Jones became a lawyer for the Antitrust Division of the United States Department of Justice in 1953. In that role, she presided over antirust and cartel cases, serving as chief counsel for United States v. Watchmakers of Switzerland Information Center, Inc.(1955). She left government service to practice law in private practice in New York.

On September 28, 1964, Jones was named by President Lyndon B. Johnson to serve on the Federal Trade Commission (FTC), initially through a recess appointment and subsequently through a Senate confirmation. Jones served on the commission until 1973 during both Republican and Democratic administrations. She was replaced on the FTC 1973 by Elizabeth Hanford (later Elizabeth Dole).

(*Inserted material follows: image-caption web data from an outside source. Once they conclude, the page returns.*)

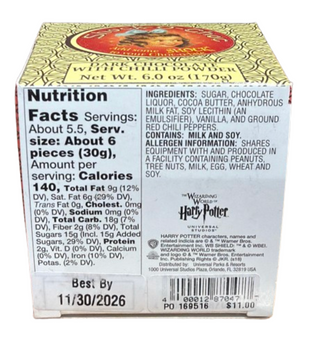 Universal Studios Harry Potter Shock-o-Choc Chocolate Dark New With Box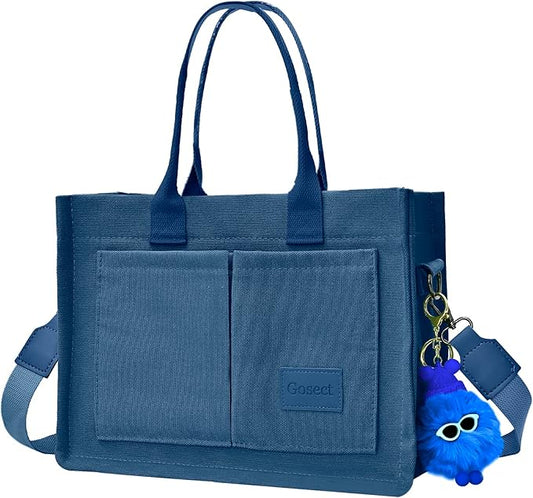 Canvas Tote Bag for Women With Pockets, Laptop Work Crossbody Purses Everything Shoulder Tote Bag Everyday Satchel Handbags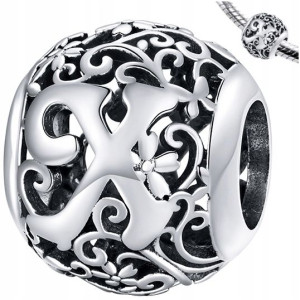 CHARMS LITERKA X zawieszka srebro pr 925 koralik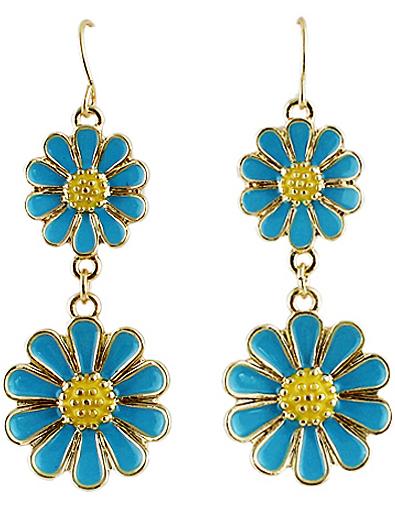 Shein Blue Glaze Gold Flower Dangle Earrings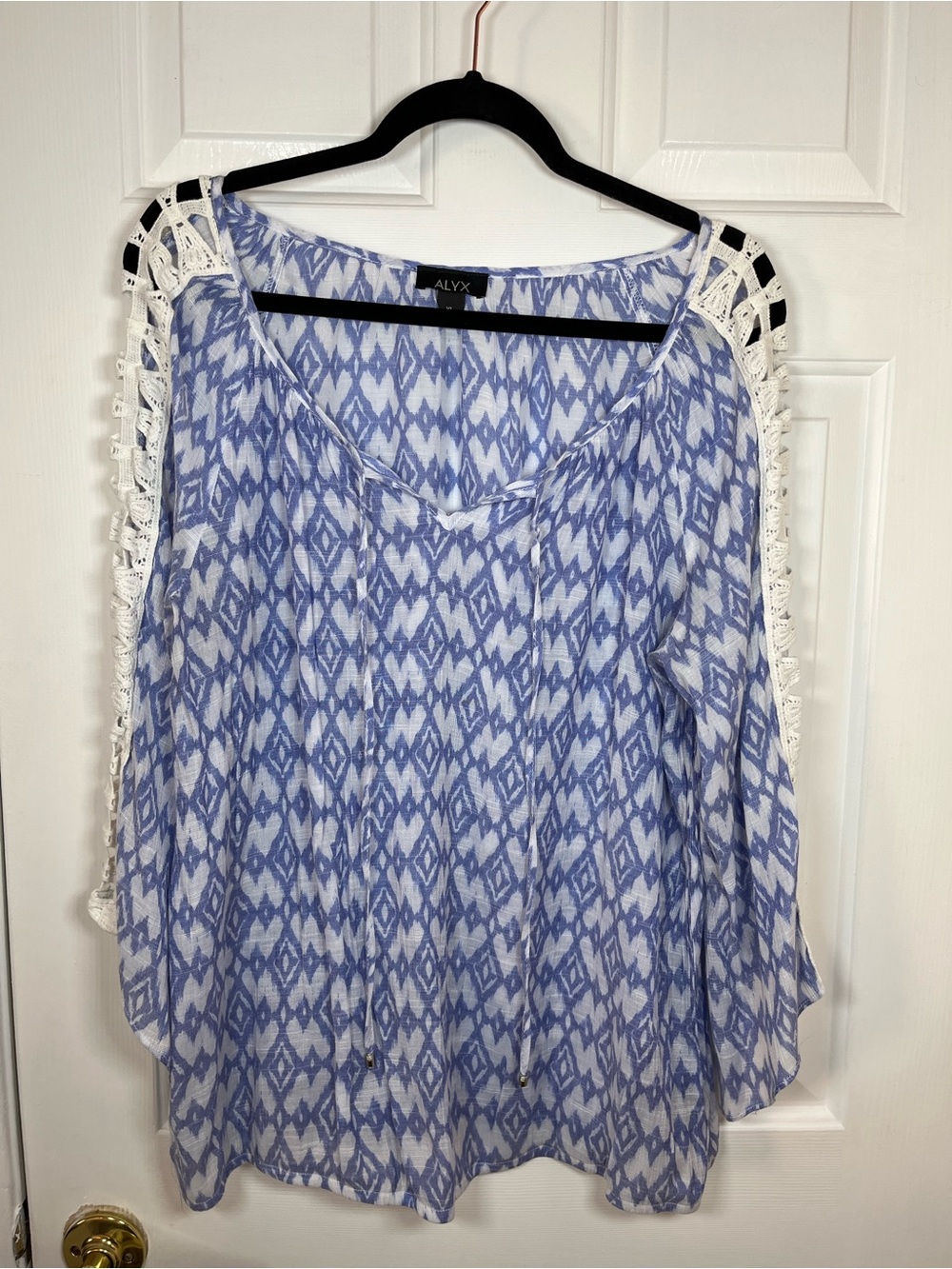 Alyx Light Blue Ikat Crochet-Trim Women's Blouse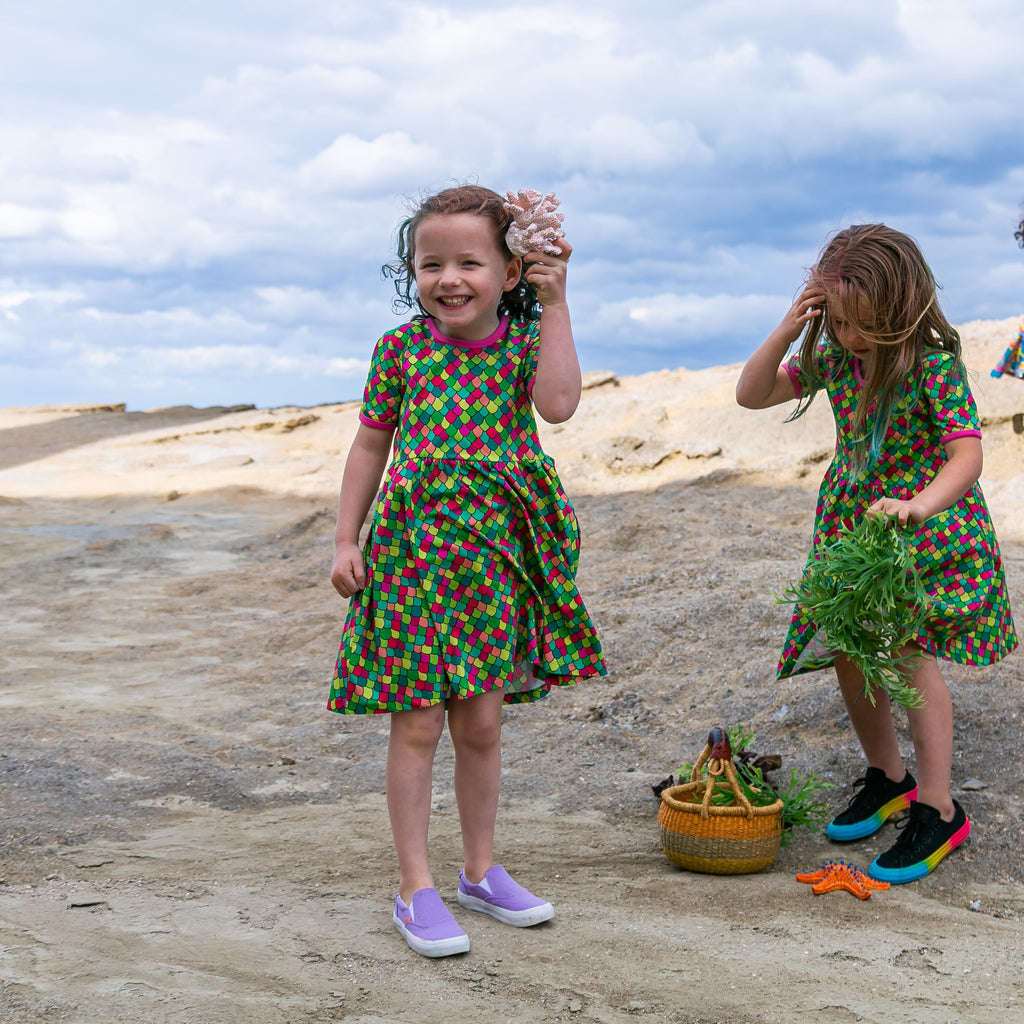 Rainbow scales - Pink Cosmos | Babydoll  dress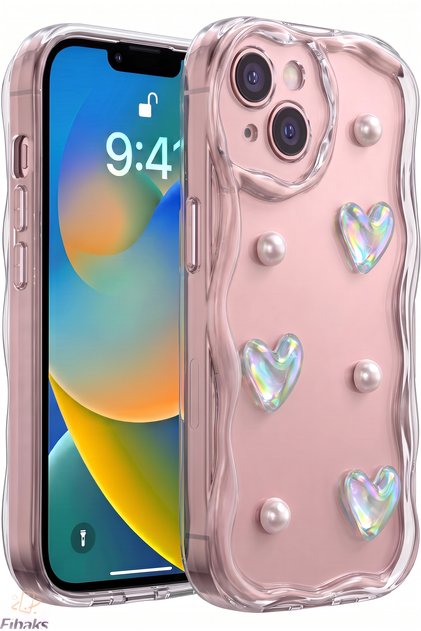 iPhone 13/14 Case with 3D Heart and Pearl Design Pattern, Transparent Silicone Cover with Camera Protection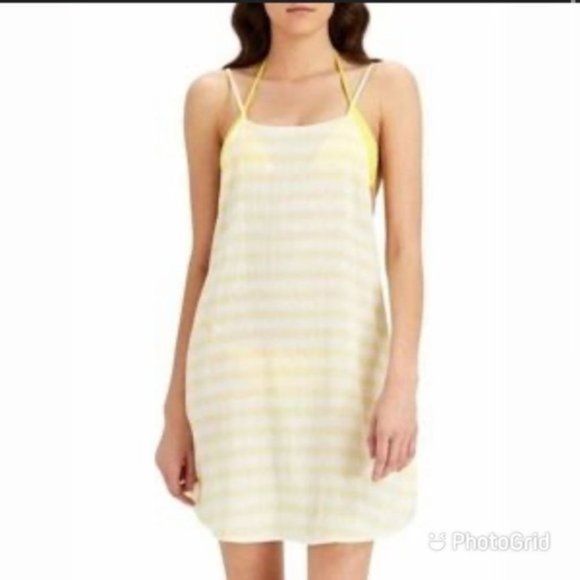 Onia Other - ONIA Sasha swimsuit Cover-Up Shirtdress faded yellow stripes size large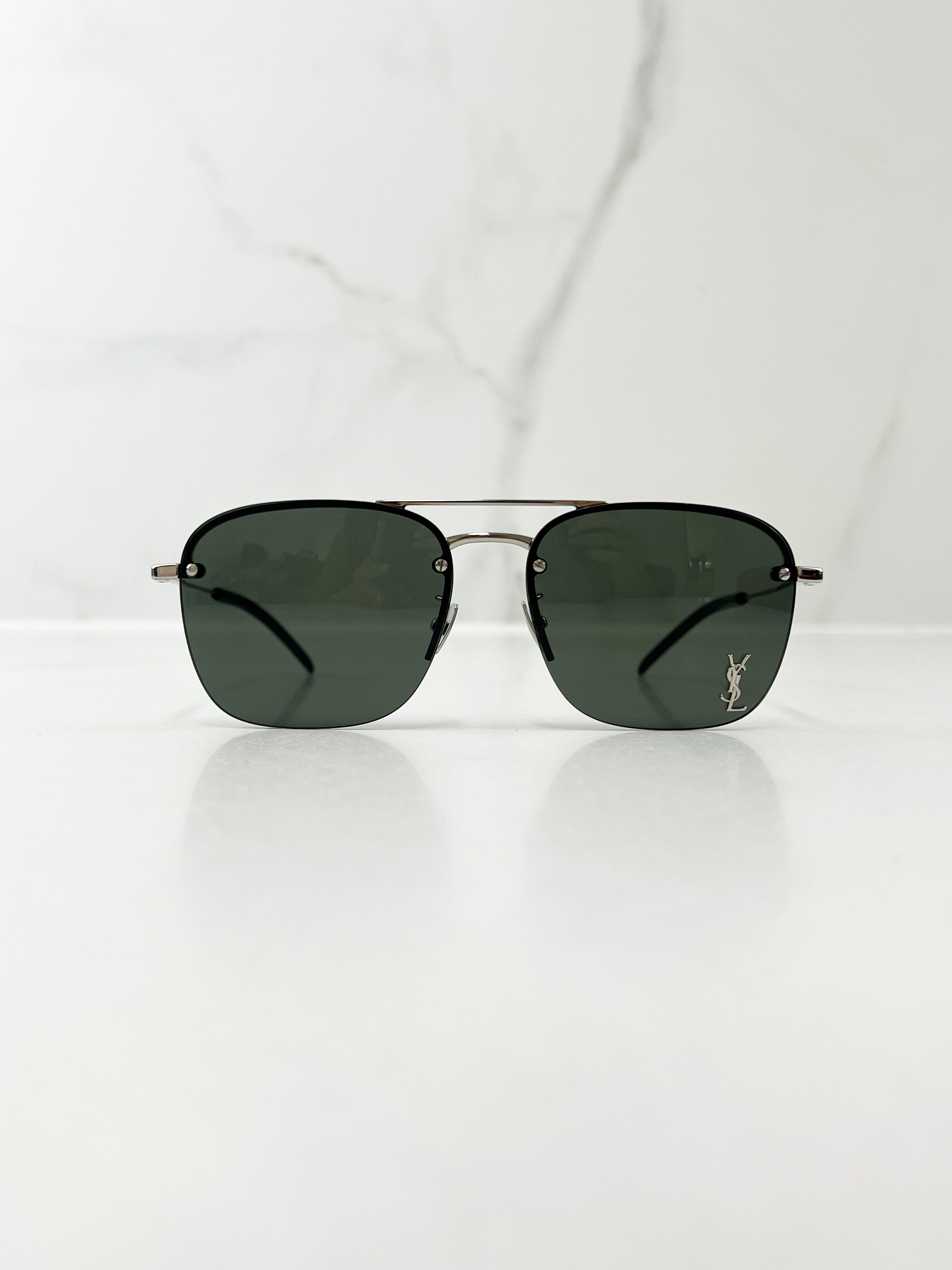 Saint Laurent Black Aviator Logo Sunglasses with SHW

In 1971, she was named as a potential nominee to the Supreme Court of the United States. In 1981, she served on the Department of the Interior Commission on Fiscal Accountability of the National's Energy Resources, which presented a report to the White House on ways that national oil and gas royalties can be better tracked on public lands.

Jones was a vocal consumer advocate. A liberal Republican during her time on the FTC, Jones became a member of the Democratic Party later in life. In 2007, Jones released an autobiography, titled Tearing Down Walls: a Woman's Triumph. In the book, she discusses the difficulty of breaking into the legal professional in the 1940s, during a time when few female graduates were offered roles as practicing attorneys.

Jones died from congestive heart failure at her home in Washington, D.C., on December 23, 2009, at the age of 89.